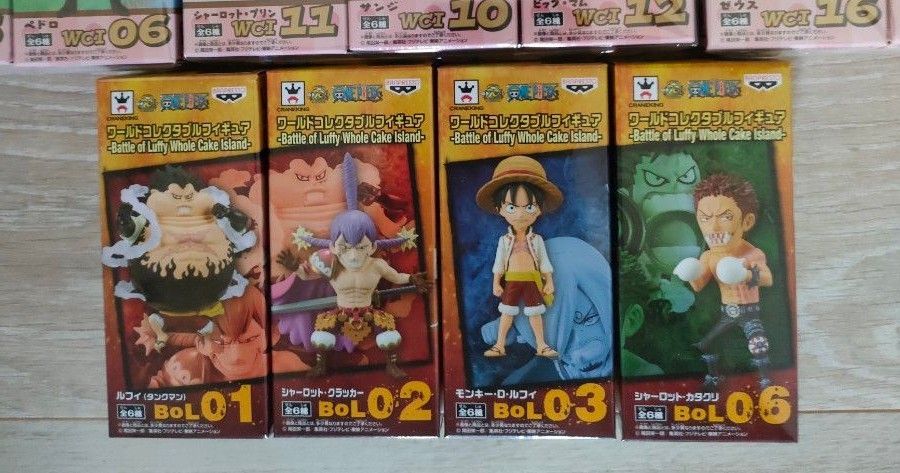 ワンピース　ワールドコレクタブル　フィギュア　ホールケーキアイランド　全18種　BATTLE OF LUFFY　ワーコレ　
■ ■ ■ ■
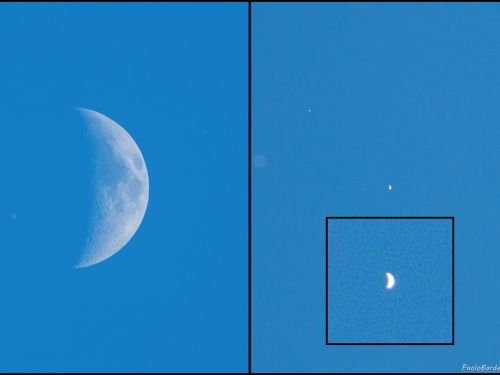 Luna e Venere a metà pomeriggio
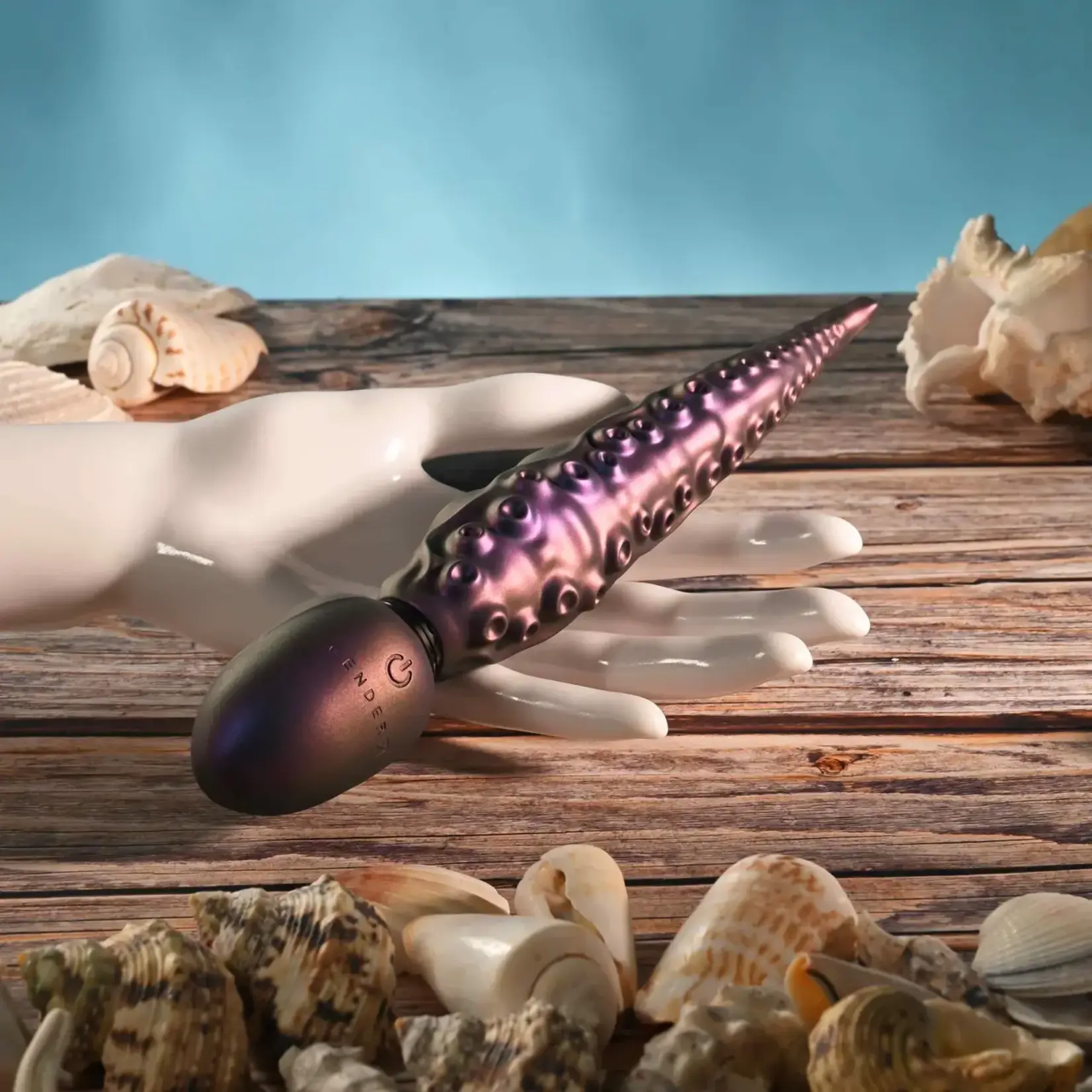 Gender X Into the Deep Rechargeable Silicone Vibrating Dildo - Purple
■ ■ ■ ■
■ **Task prompt**: Given the listing above, repeat exactly the lines starting at the one with "Luna e Venere a metà pomeriggio" and ending at the one with "Gender X Into", inclusive, excluding pictures.

■ **Response area**:
 Luna e Venere a metà pomeriggio
 Gender X Into the Deep Rechargeable Silicone Vibrating Dildo - Purple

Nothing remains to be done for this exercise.